Most businesses require some sort of equipment to run their business. Unfortunately, business equipment can be incredibly expensive, especially when you’re talking about oversized or intricate machinery.
Not only is the equipment expensive, but newer, more innovative models are always being released, which means what may be good for you today, may not be as efficient or profitable to you in the future.
Considering the high cost of equipment and the fact that it needs to be replaced from time to time, it might make more sense to lease it instead of buying it outright. Let’s take a deeper look into commercial equipment leasing and how it may help to relieve some pressure on your business’s bottom line.
What Is Commercial Equipment Leasing?
Rather than buying expensive equipment and paying in full, commercial equipment leasing offers businesses a way to get their hands on the latest models without using up their working capital all at once. It’s a powerful financial tool that can help businesses successfully operate and expand their operations.
Rather than purchasing the equipment required, the equipment is leased from a leasing agent at a specific monthly interest rate for a certain number of months, similar to the way a car lease might work.
How Does Commercial Equipment Leasing Work?
As mentioned, commercial leasing works a lot like a car lease. An equipment leasing agent will own or buy the equipment you need and then lease (rent) it to you. The lease will usually come with a fixed interest rate over a period of time.

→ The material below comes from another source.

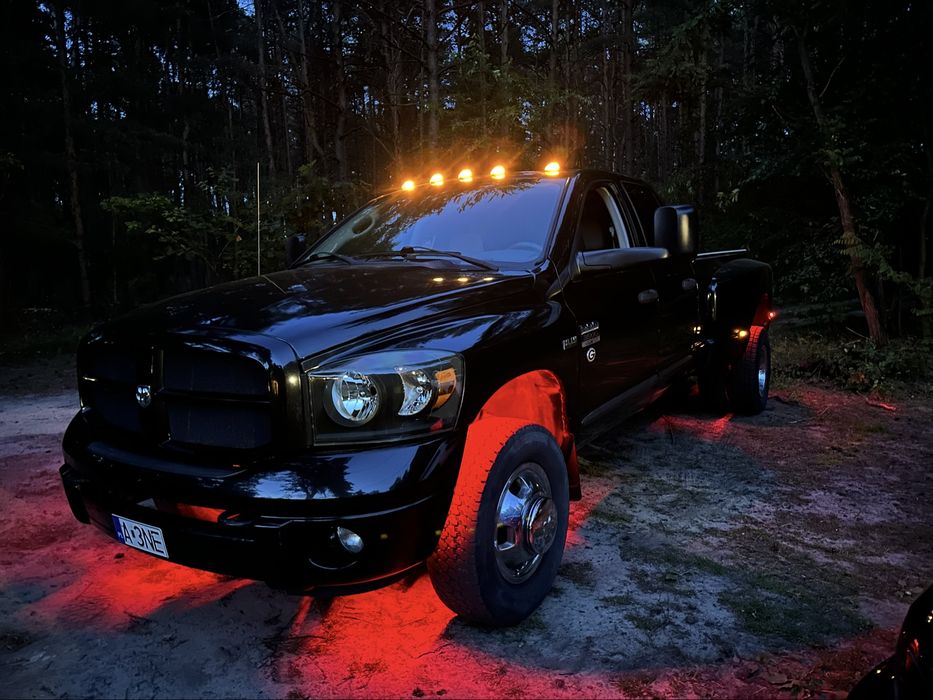 Dodge RAM 3500 4x4 Heavy Duty 5.7 V8 – bliźniak, benzyna + LPG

This ensures that the payments you make are the same until the end of the period.
Once you make your payments and reach the end of the term, you’ll have the option to either return or purchase the equipment (depending on the contract terms).
Types Of Commercial Equipment Leases
If you’ve decided that leasing your equipment is the way to go, consider exactly which type of lease to opt for:
An operating lease lets you use an asset for a certain amount of time without actually owning it. The lease period is typically not as long as the economic life of the equipment, and once the lease expires, the leasing agent can recoup any extra costs by selling the equipment.
Equipment that is leased with an operating lease is considered a rental expense, which can be advantageous because it won’t be listed as an asset or liability and can still qualify for tax incentives. Annual rates for operating leases can range anywhere from 3% to 30% depending on the leasing agent and your financial health, and the typical contract is anywhere from 12 to 36 months long.
Also referred to as a finance lease, a capital lease still involves the leasing agent owning the equipment, but the lease is considered an asset. As such, it can increase your business’ holdings and liabilities.
This can be advantageous for larger companies because they can claim interest expenses and depreciation tax credits. Businesses can also buy the equipment at the end of the lease if they choose to do so. That said, the rates for a capital lease are usually higher than those with an operating lease, and contracts tend to range from 24 to 72 months.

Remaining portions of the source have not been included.